Type d'action : HORIZON Innovation Actions
Nombre d'étapes : Two stage
Date d'ouverture : 19 septembre 2023
Date de clôture 1 : 07 février 2024 17:00
Date de clôture 2 : 24 septembre 2024 17:00
Budget : €31 000 000
Call : RESILIENT VALUE CHAINS 2024 TWO STAGE
Call Identifier : HORIZON-CL4-2024-RESILIENCE-01-TWO-STAGE
Description :

ExpectedOutcome:

Projects are expected to contribute to the following outcomes:

  • The packaging industry will have access to the next generation of biodegradable polymer materials, which will also be recyclable materials. Plastic materials producers will switch from PP, PE, and PET to bio-degradable materials with reduced GHG emissions along the value chain.
  • The packaging industry will apply business model of circularity-by-design and sustainable end-of-life (EoL) solutions for plastic packaging materials. This has the potential to lead to a reduction in landfill waste volume of packaging materials; and to a reduction of littering of plastics, coherent with the ambition of the Horizon Europe Ocean and Waters mission, to reduce the plastic pollution of the oceans. Projects are expected to contribute to the Plastics strategy, the Single-use Plastics Directive and the EU Circular Economy Action plan (CEAP).
  • Standards and labels for specific applications will be further defined based on the development of testing of biodegradability of plastics in open environments

Scope:

Proposals should address at least four of the following activities:

  • Develop new, demonstrate and scale-up novel advanced bio-degradable polymer materials and innovative processes that will allow the bio-degradable polymers to be produced at a large scale with a similar economy of scale to replace present production with PE, PP and PET, and with an improved sustainability profile compared to present production and EoL characteristics.
  • Develop sustainable additives and catalysts to support the production of bio-degradable polymers.
  • Provide evidence with life cycle and techno-economic assessment (LCA/TEA) that the cost for the novel advanced biodegradable polymer products are not significantly higher compared to existing polymer products (PE, PP, PET) on the market.
  • Scale up the production of packaging materials at pilot level.
  • Identify and test the biodegradability pathways in all environmentally relevant conditions (for the application of the developed material in relevant shape or form); and extensive quantified risk analysis from both a human and environmental perspective for all the different intermediate and end products of biodegradation, including quantification of the contribution to GHG emissions.

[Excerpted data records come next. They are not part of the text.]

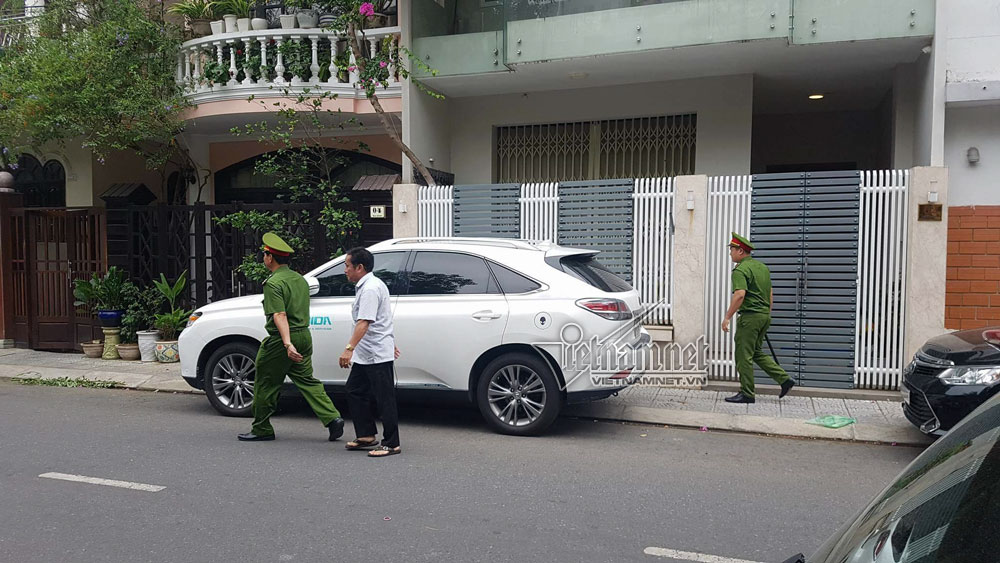 Tin pháp luật số 26: 'Lò' tiếp tục nóng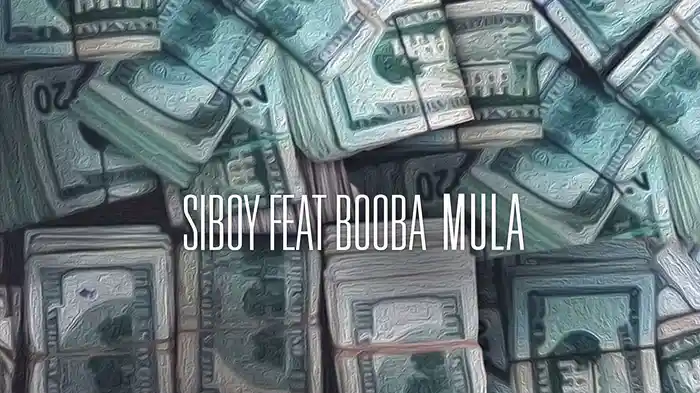 Mula (Audio)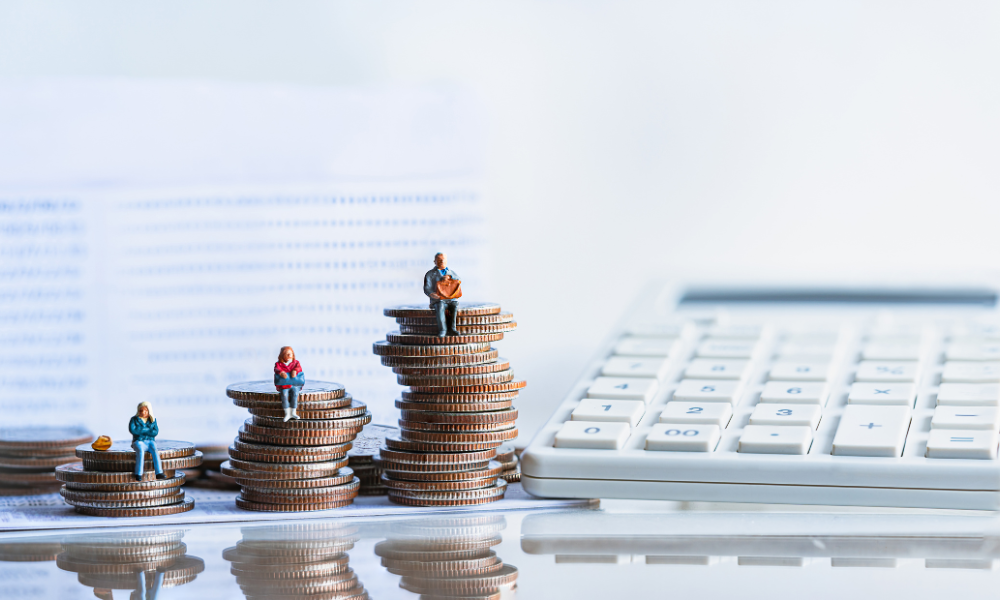'Fear and uncertainty' couldn't shake Canada's pension resilience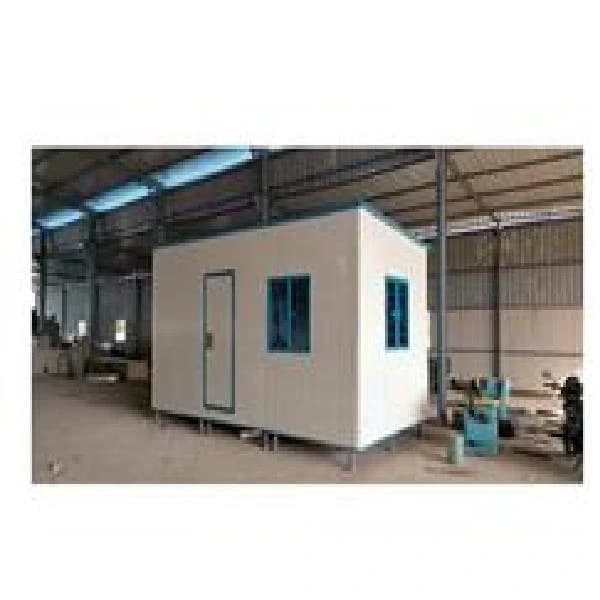Puf Porta Cabins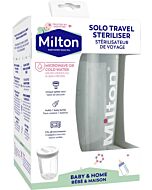 Milton: Solo Travel Steriliser 1.25L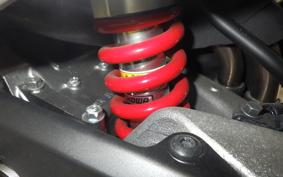 HONDA VFR800X 2015 RC80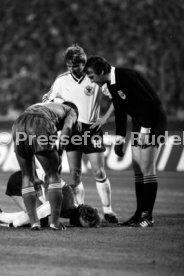 16.10.85 Deutschland - Portugal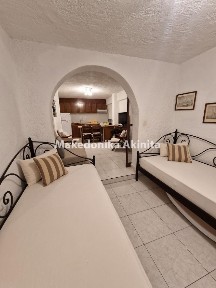 Σανή, Κασσάνδρα (Χαλκιδική), Πύργος Σανή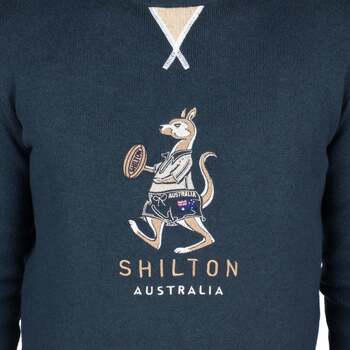 Shilton Pull rugby AUSTRALIE 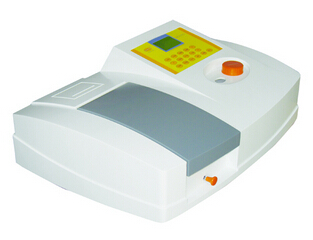 DR7500多参数水质分析仪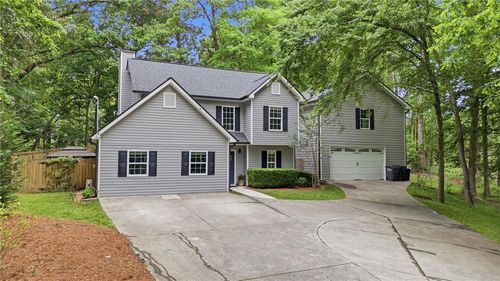 469 Teague Dr Nw, Kennesaw, GA, 30152-3748 | Card Image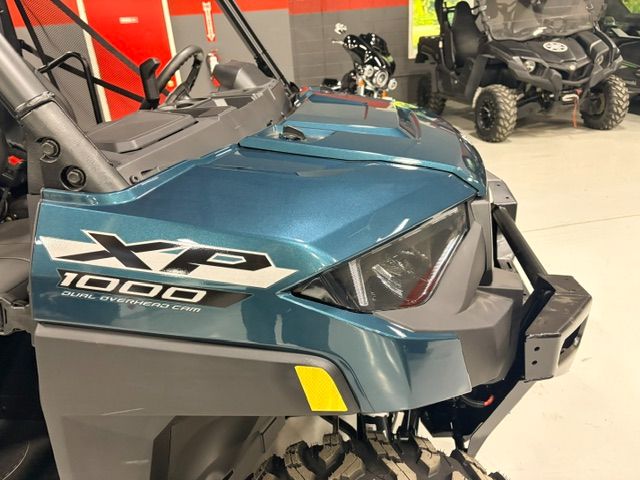 2026 Polaris Ranger XP 1000 Premium 5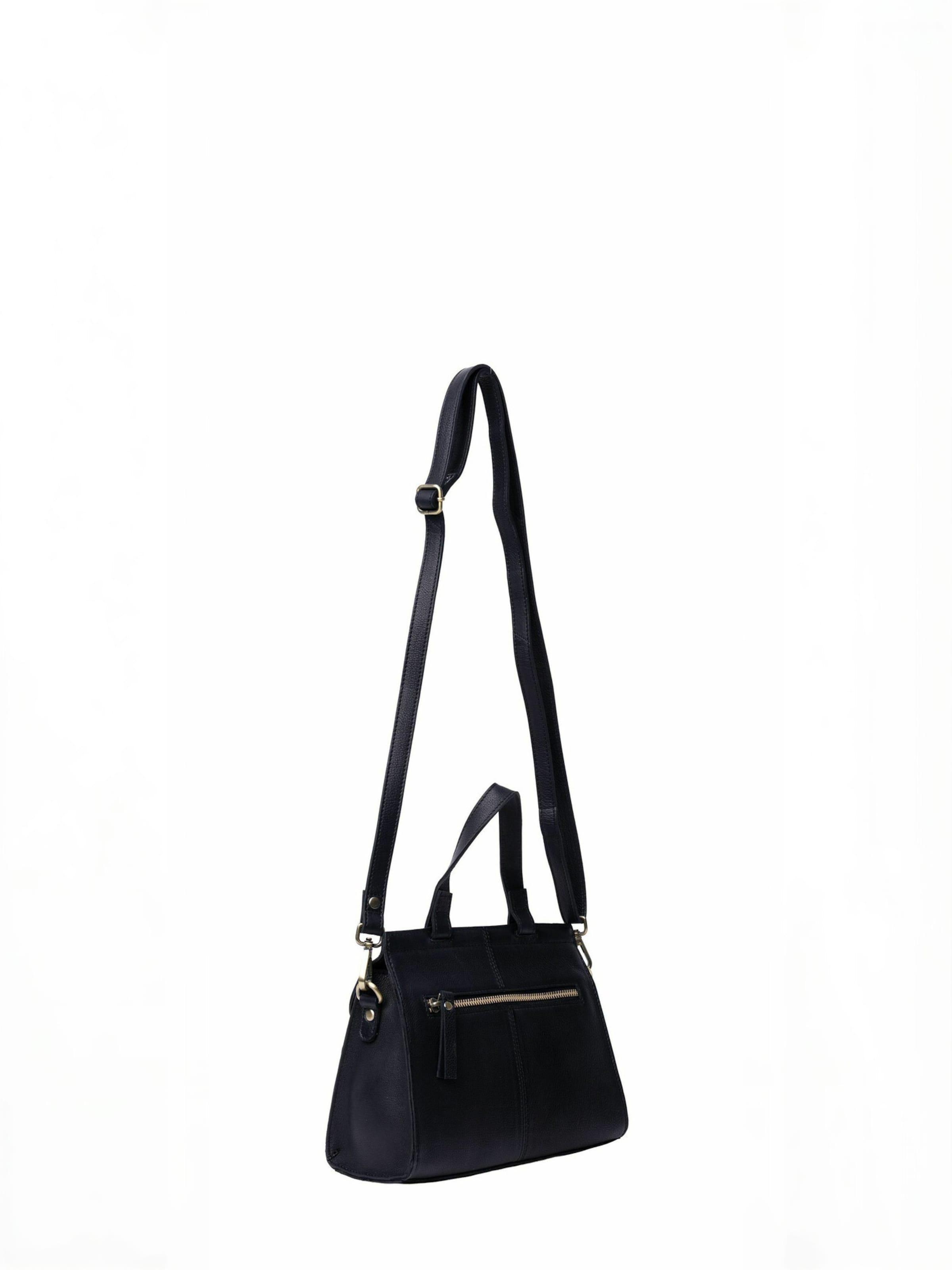 RE:DESIGNED Shopper ' Saya ' in Black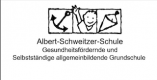 Schulportal Albert-Schweitzer-Schule Logo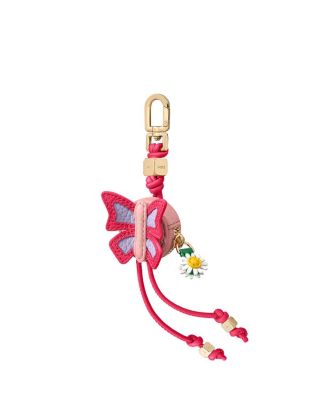 The SABR&Eacute;MOJI™ Garden Bug Charm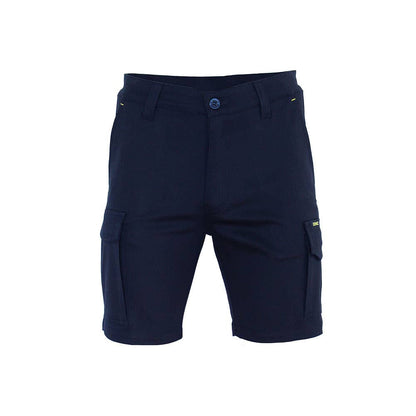 3364 SlimFlex Cargo Shorts 260gsm_3364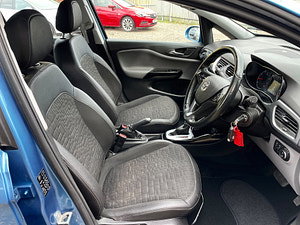 Vauxhall Corsa thumbnail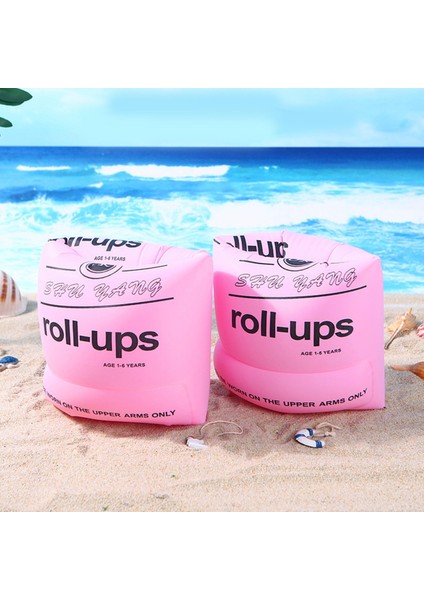 Çocuklar Yetişkin Su Spor Güvenliği Kolları 3 Pc (Yurt Dışından) fiyatları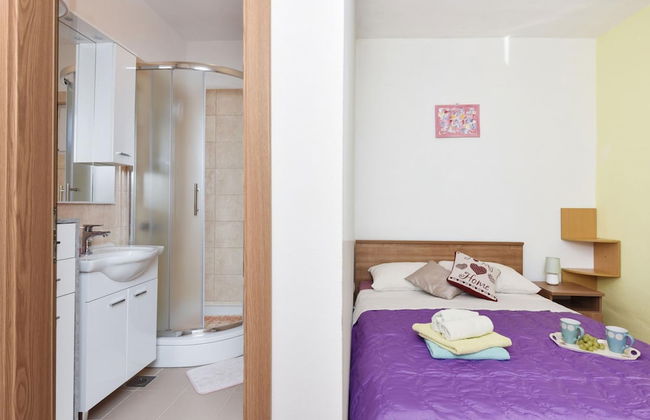 Villa Nea Zadarvillas - Foto 31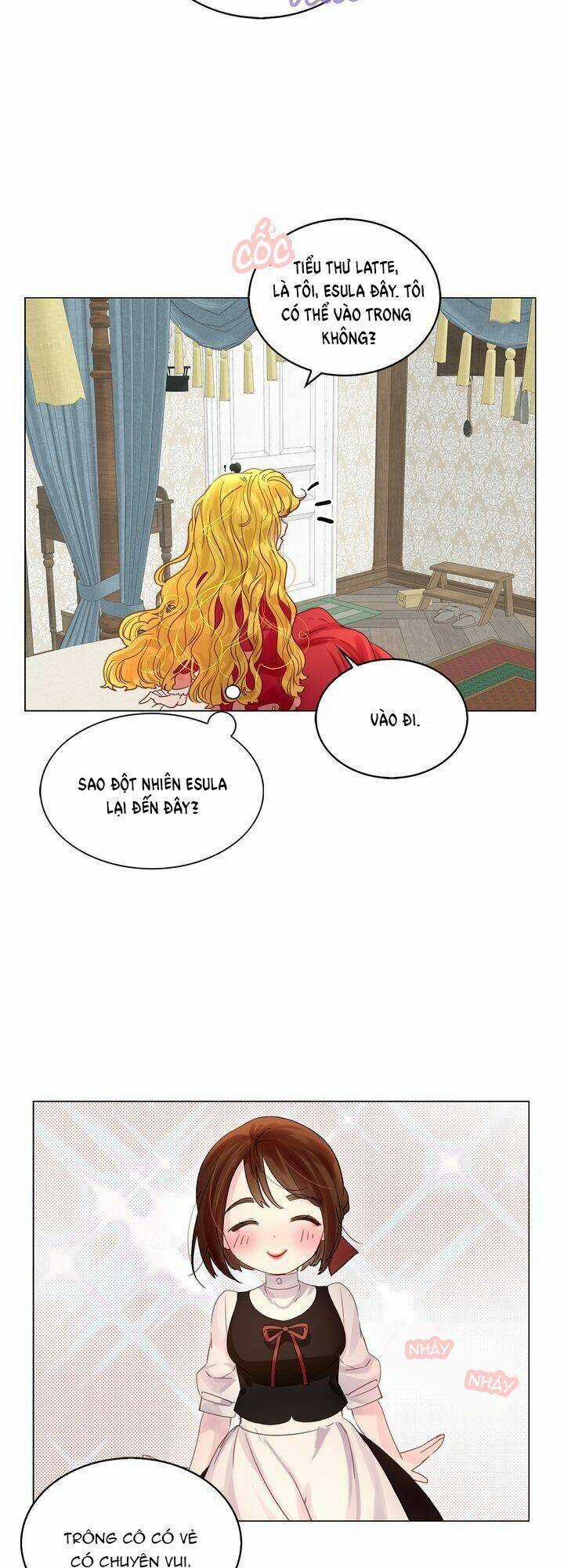 Tôi Không Phải Là Người Tốt Chapter 153 trang 31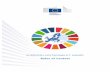 EUROPEAN SUSTAINABILITY AWARD · European Sustainability Award 2019 - Rules of Contest 3 1 BACKGROUND AND OBJECTIVES Background On 25 September 2015, the General Assembly of the United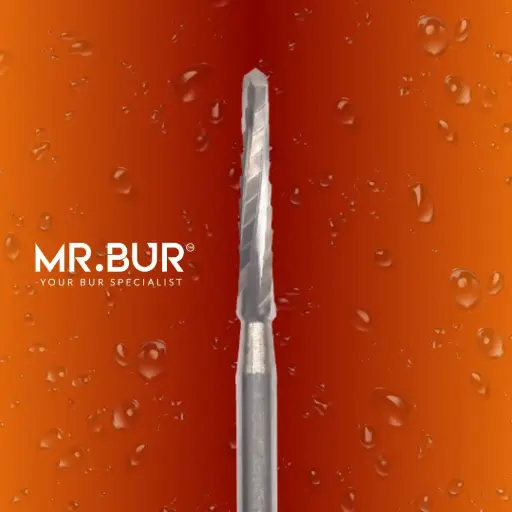 [FG162] TUNGSTEN CARBIDE BUR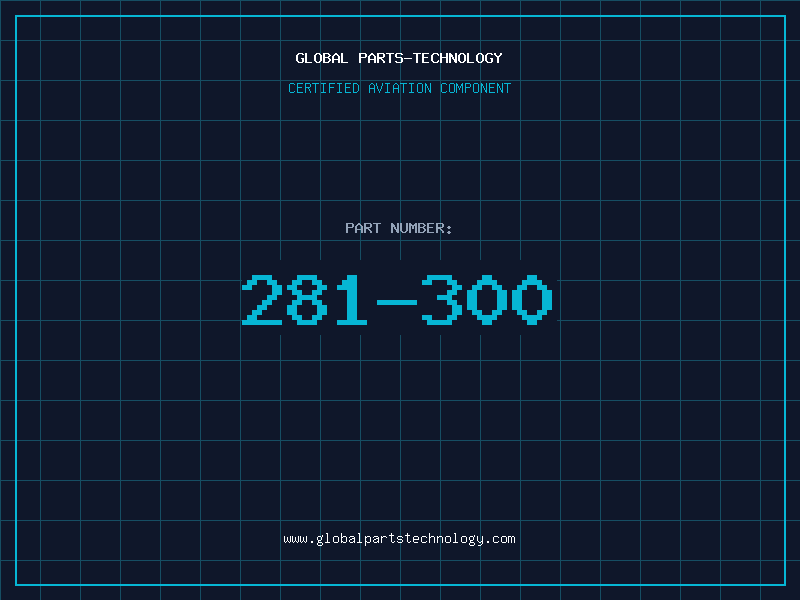 Aviation Part 281-300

Contribute to further defining standards and labels for specific applications. Model the lifetime of the developed polymers along the biodegradation pathway in environmentally relevant conditions, both in natural, (terrestrial and marine), and in waste processing environments.
  • Demonstrate complete biodegradability in all relevant conditions and environmental compartments (e.g. landfill, compost site, litter in marine-freshwater-sediment-soil) within acceptable timeframes, determination of the main influencing environmental conditions; and assessment of the impact on the environment. Integrate a holistic sustainability assessment, accounting for the full life cycle (including sourcing of feedstock).

Develop and demonstrate circular business model for production at industrial level, where the release of GHG emissions is; and assess significantly reduced; and assess the potential of secondary raw materials as a feedstock (including from renewable sources) for the production of bio-degradable polymers.

To enable a fast development of new advanced materials, digital tools, such as modelling and simulation, and characterisation techniques (including those provided by analytical infrastructures) are under the scope, assisted by advanced methods, e.g. physics-based methods or artificial intelligence (including machine learning).

The future Commission initiative for Safe and Sustainable by Design will set a framework for assessing safety and sustainability of chemicals and materials and should be considered as a baseline in the proposal.

Proposals submitted under this topic should include a business case and exploitation strategy, as outlined in the introduction to this Destination.

This topic requires the effective contribution of SSH disciplines and the involvement of SSH experts, institutions as well as the inclusion of relevant SSH expertise, in order to produce meaningful and significant effects enhancing the societal impact of the related research activities. An early involvement of end users could be essential.

Projects should build on or seek collaboration with existing projects (e.g. Open Innovation Testbeds) and develop synergies with other relevant European, national or regional initiatives, funding programmes and platforms. Where relevant, proposals should seek links with and capitalise on the results of past and ongoing EU funded research projects, including the ones under Cluster 6 'Food, Bioeconomy, Natural Resources, Agriculture and Environment' and Circular Bio-based Europe JU (CBE JU).

Specific Topic Conditions:

Activities are expected to start at TRL 4 and achieve TRL 6-7 by the end of the project – see General Annex B.